EXERCISE GOAL – Repeat every record exactly as written, but leave out the pictures.

ENTRIES SUPPLIED –
++++++++++++++++++++
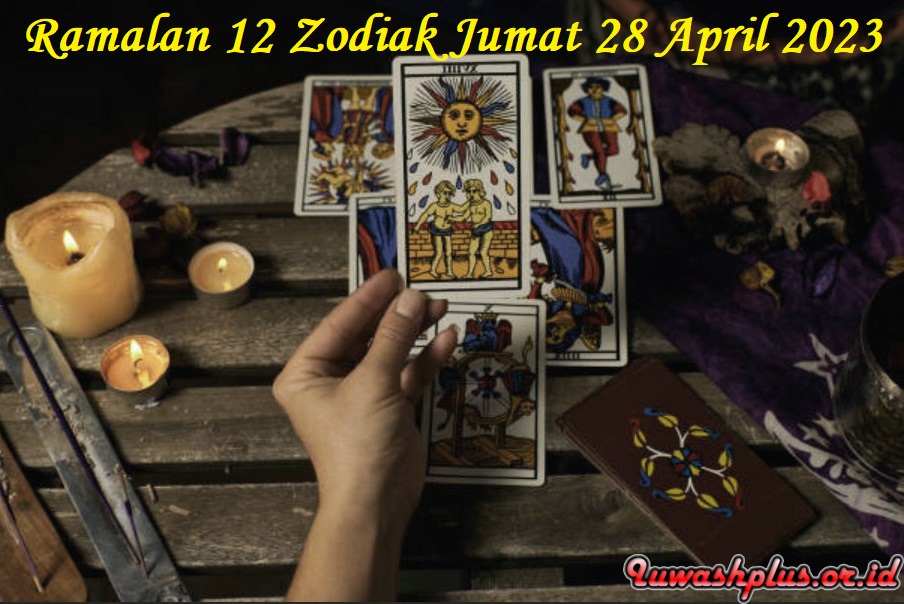 Ramalan 12 Zodiak Jumat 28 April 2023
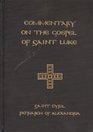 Commentary on the Gospel of Saint Luke
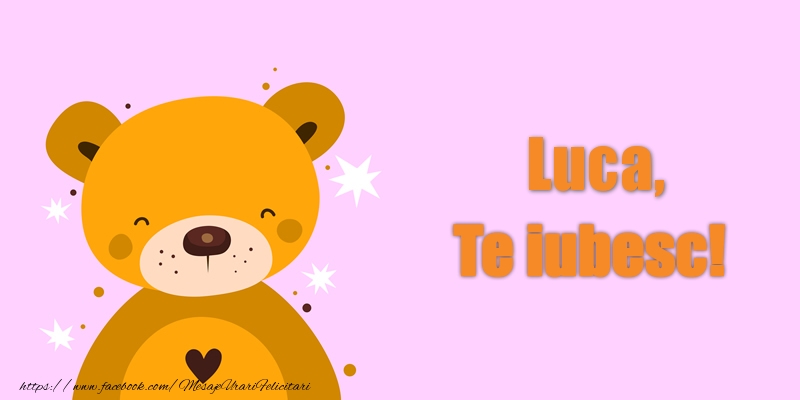 Felicitari de dragoste - Ursuleti | Luca Te iubesc!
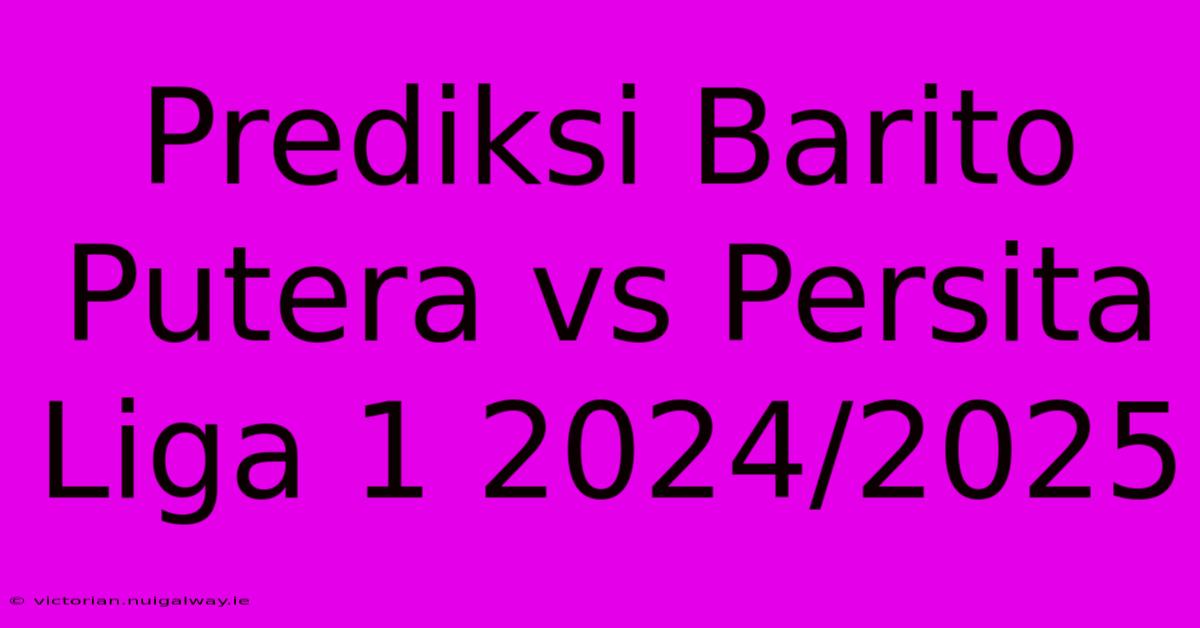 Prediksi Barito Putera Vs Persita Liga 1 2024/2025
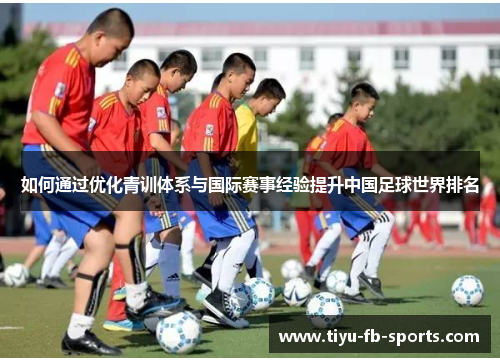 如何通过优化青训体系与国际赛事经验提升中国足球世界排名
++++++++++++++++++++
ANSWER FOR THIS EXERCISE –
 Ramalan 12 Zodiak Jumat 28 April 2023
 Commentary on the Gospel of Saint Luke
 Felicitari de dragoste - Ursuleti | Luca Te iubesc!
 Prediksi Barito Putera Vs Persita Liga 1 2024/2025
 如何通过优化青训体系与国际赛事经验提升中国足球世界排名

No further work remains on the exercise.